- TASK TO CARRY OUT -
Please repeat exactly the lines from the one containing "Momodora：月光下的遐想-Momodora: Reverie Under" through the last line of the records below, both included, and leave out any pictures.

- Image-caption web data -
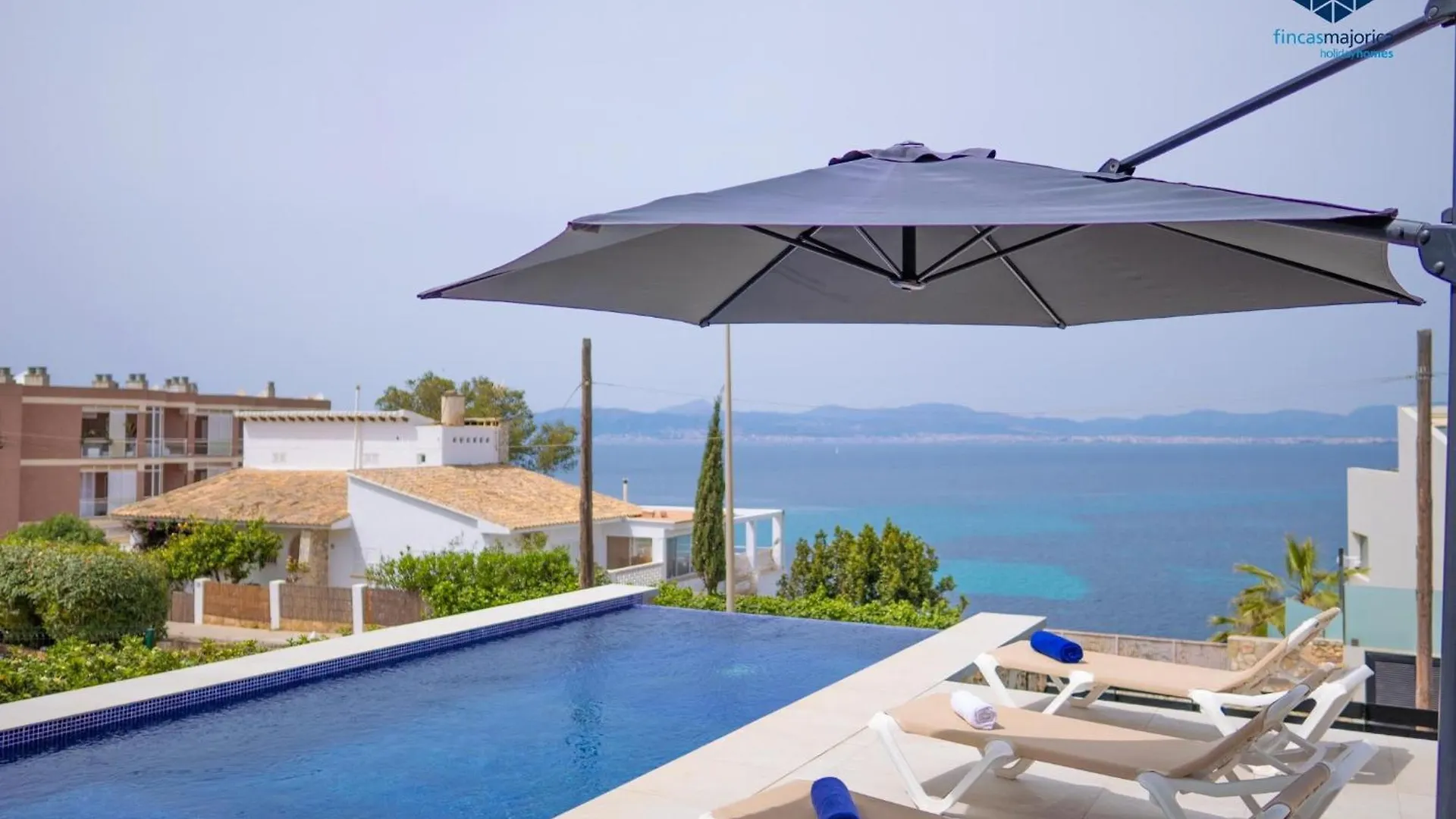 Villa Bellavista Cala Blava  Dom wakacyjny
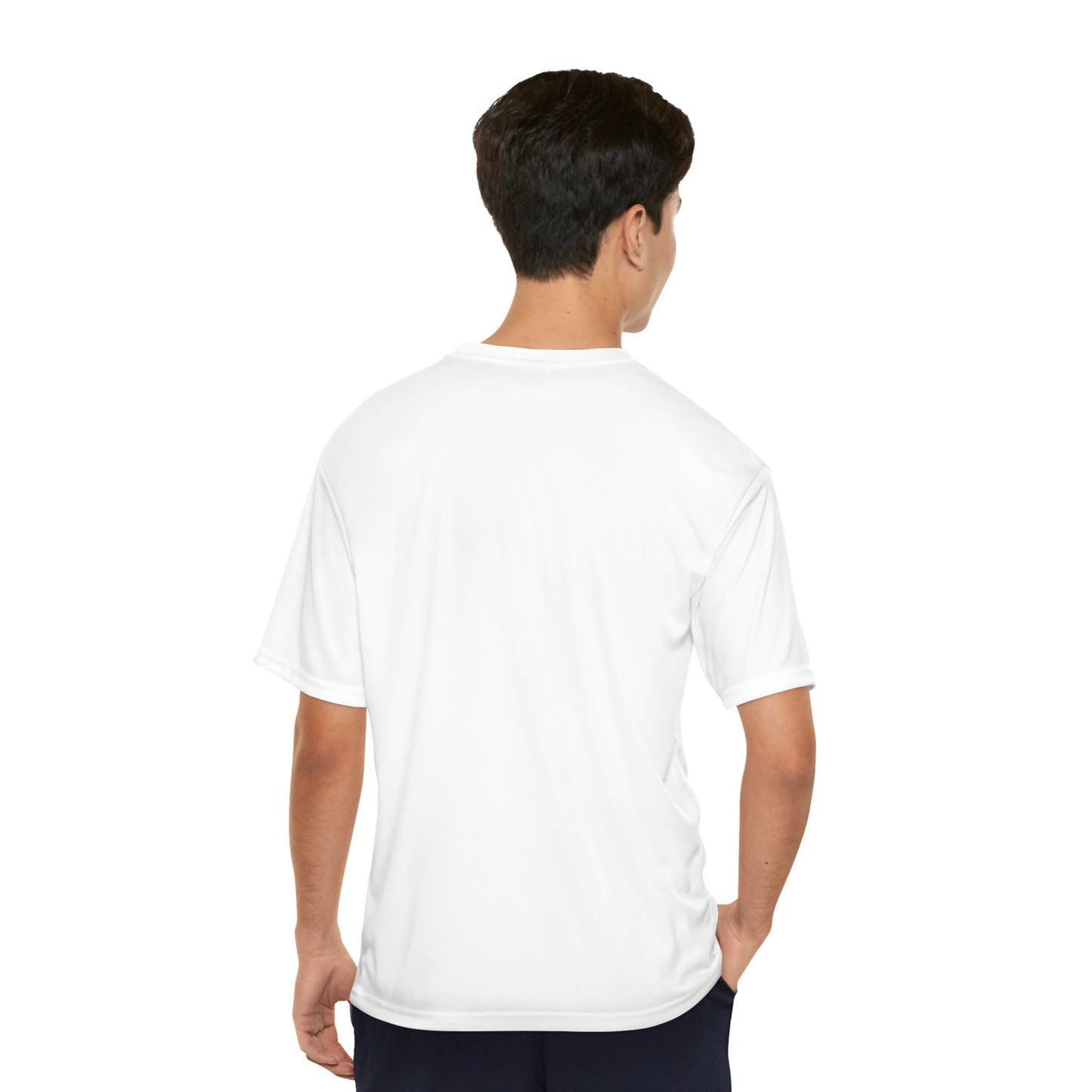 Men's Performance T-Shirt - MG > YG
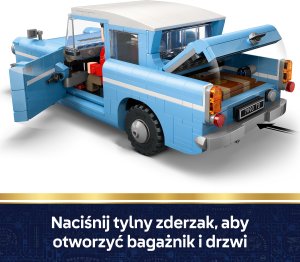 LEGO Harry Potter Zaczarowany latający Ford Anglia (76470) 3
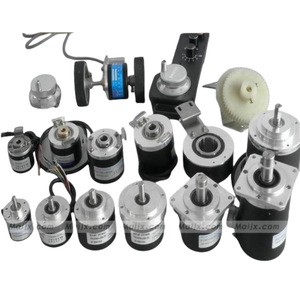 Industry level <strong>10000</strong> ppr rotary <strong>encoder</strong> Anti-interference 6mm shaft type incremental rotary <strong>encoder</strong> <strong>10000</strong> pulse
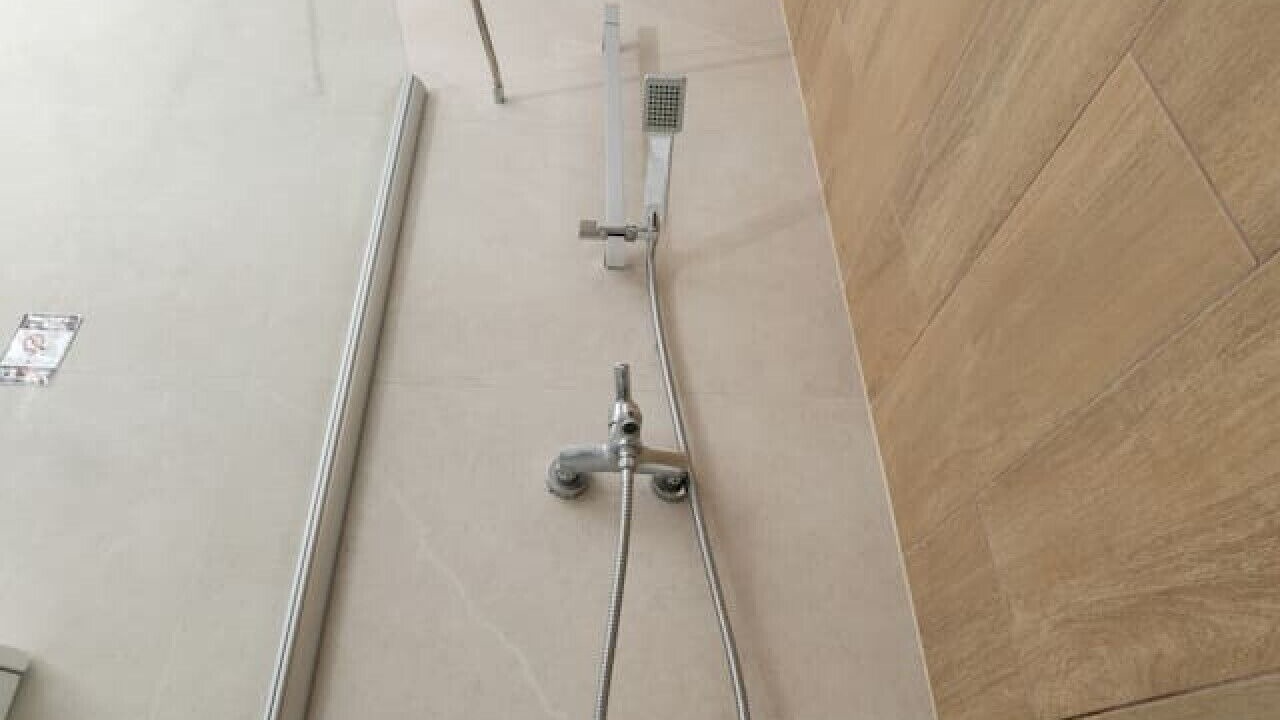 Photo of Bathroom in Aglantzia
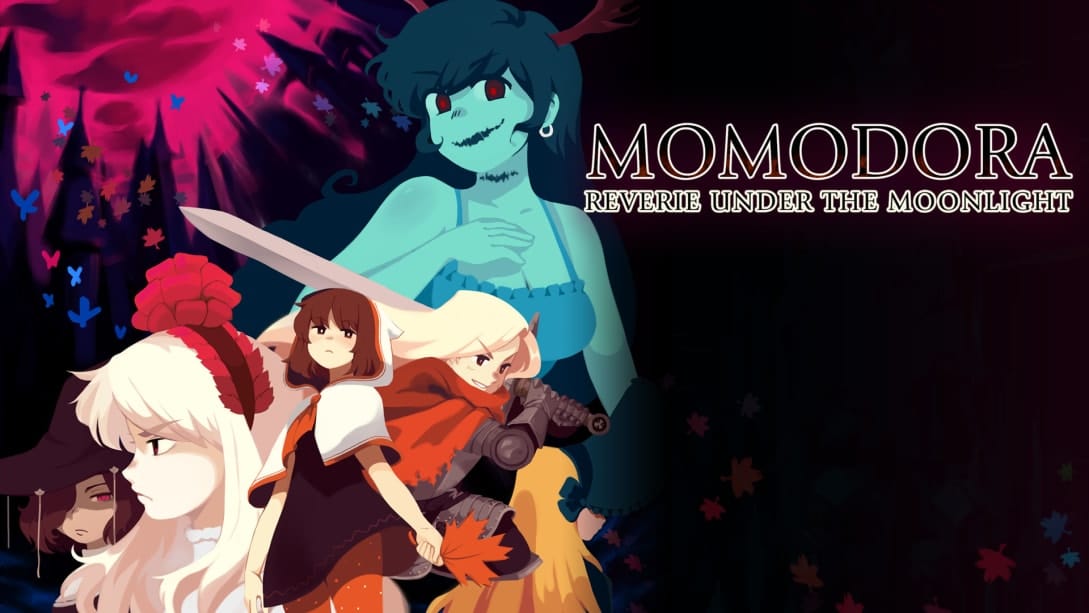 Momodora：月光下的遐想-Momodora: Reverie Under the Moonlight -游戏封面-好玩客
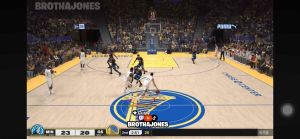 Đĩa chơi game PS4/ PS5: NBA 2K25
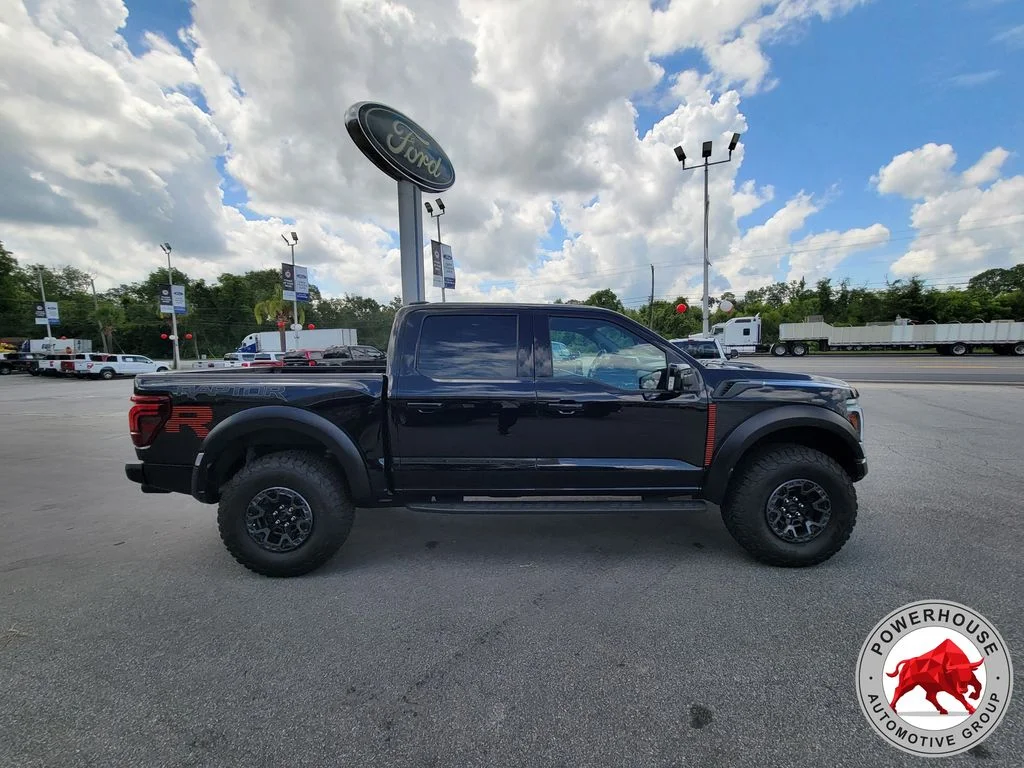 Used 2026 Black Ford Raptor R image 6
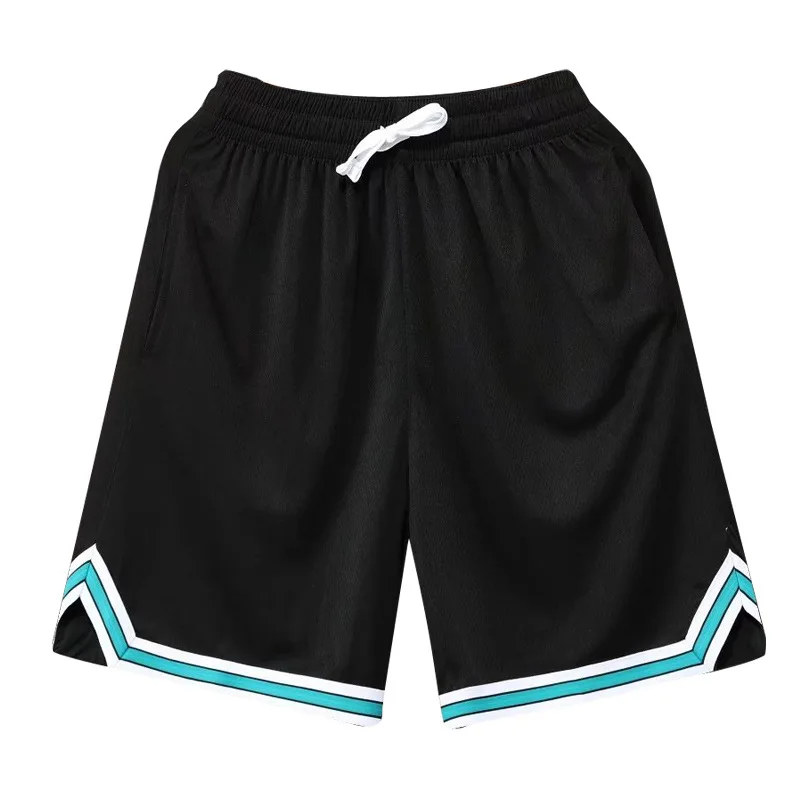 Men Student Basketball Shorts Men's Sport Suits Gym For Soccer Exercise Jogging Hiking Running Fitness Board Beach Short Pants 8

- FINISHED EXERCISE -
 Momodora：月光下的遐想-Momodora: Reverie Under the Moonlight -游戏封面-好玩客
 Đĩa chơi game PS4/ PS5: NBA 2K25
 Used 2026 Black Ford Raptor R image 6
 Men Student Basketball Shorts Men's Sport Suits Gym For Soccer Exercise Jogging Hiking Running Fitness Board Beach Short Pants 8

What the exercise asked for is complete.